Çukurova Üniversitesi Su Ürünleri Fakültesi Su Ürünleri Temel Bilimleri Bölümü'nden Dr. Sedat Gündoğdu tarafından Mart 2018'de Food Additives and Contaminants‘da yayımlanan araştırmaya göre, Türkiye'de satılan 16 farklı markanın sofra tuzu örnekleri incelendi. Örneklerin tamamında ise mikroplastik (5 mm'den küçük plastik parçacığı) bulundu.

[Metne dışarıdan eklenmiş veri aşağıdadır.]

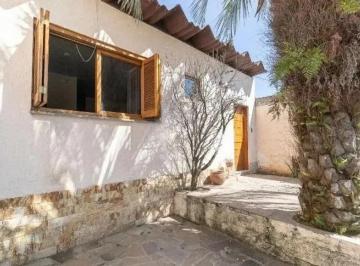 Casa · 129m² · 4 Quartos · 1 Vaga · CASA MOBILIADA COM 4 DORMITÓRIOS, SEGURANÇA COMPLETA E AMBIENTES AMPLOS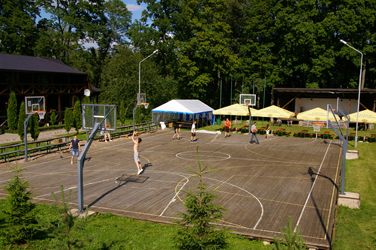 Stovykloje LSPF nariai kojas mankštino ir krepšinio aikštelėje
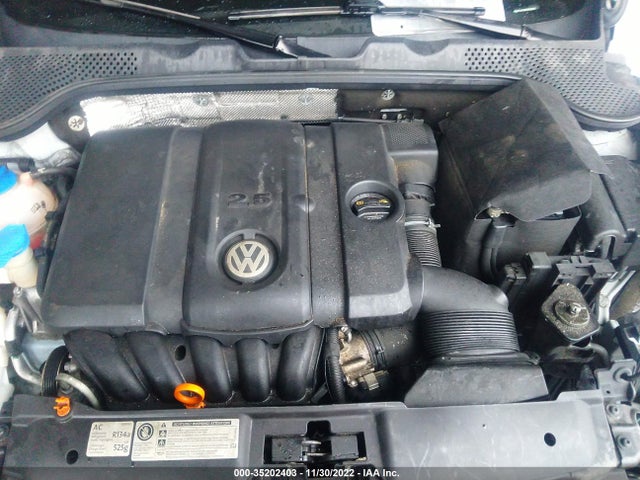 2012 VOLKSWAGEN BEETLE 2.5L W/SOUND/NAV PZEV VIN: 3VWJP7ATXCM603893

EN FAZLA MİKROPLASTİK DENİZ TUZUNDA
Raporda, Türkiye'nin başlıca tuz üretim merkezlerinde üretilen ve Şubat ve Mart 2017 tarihleri arasında piyasadan satın alınıp, incelenen 16 sofra tuzunun marka bilgisine yer verilmese de, örneklerin çeşitleri ve üretim yerleri hakkındaki bilgiler şöyle: 5 deniz tuzu, 6 göl tuzu ve 5 kaya tuzu olmak üzere toplam 16 sofra tuzu örnekleri Çamaltı, Tuz Gölü, Palas Gölü, Seyfe Gölü, Acıgöl, Çankırı, Cihanbeyli ve Aksaray'da üretilmiş. İncelemeler sonucunda en yüksek mikroplastik partikül sayısına deniz tuzunda rastlandı. Rapor sonuçlarına göre, mikroplastik partikül sayısı deniz tuzunda 16-84/kg, göl tuzunda 8-102/kg ve kaya tuzunda 16-84/kg...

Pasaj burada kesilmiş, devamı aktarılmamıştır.